What the task asks:
Your output should be the lines from the one with "Stethoscope, prescription document, and" through the end of the entries below, set down word for word and nothing else.

Records from a collection:
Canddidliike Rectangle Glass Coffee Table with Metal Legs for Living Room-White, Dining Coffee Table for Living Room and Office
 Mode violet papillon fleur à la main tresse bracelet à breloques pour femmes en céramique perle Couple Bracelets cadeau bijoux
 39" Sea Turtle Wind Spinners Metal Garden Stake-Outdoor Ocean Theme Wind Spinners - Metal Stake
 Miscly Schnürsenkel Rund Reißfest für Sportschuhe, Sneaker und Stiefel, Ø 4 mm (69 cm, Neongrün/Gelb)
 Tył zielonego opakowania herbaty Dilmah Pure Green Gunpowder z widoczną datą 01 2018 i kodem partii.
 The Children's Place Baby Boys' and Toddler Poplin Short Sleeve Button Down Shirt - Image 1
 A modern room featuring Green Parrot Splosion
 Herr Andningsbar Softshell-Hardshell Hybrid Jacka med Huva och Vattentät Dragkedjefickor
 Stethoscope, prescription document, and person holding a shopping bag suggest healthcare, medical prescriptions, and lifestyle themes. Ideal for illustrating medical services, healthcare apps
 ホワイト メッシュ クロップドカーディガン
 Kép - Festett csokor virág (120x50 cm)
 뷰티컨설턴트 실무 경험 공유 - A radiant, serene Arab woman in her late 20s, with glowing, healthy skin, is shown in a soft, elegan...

Response area:
 Stethoscope, prescription document, and person holding a shopping bag suggest healthcare, medical prescriptions, and lifestyle themes. Ideal for illustrating medical services, healthcare apps
 ホワイト メッシュ クロップドカーディガン
 Kép - Festett csokor virág (120x50 cm)
 뷰티컨설턴트 실무 경험 공유 - A radiant, serene Arab woman in her late 20s, with glowing, healthy skin, is shown in a soft, elegan...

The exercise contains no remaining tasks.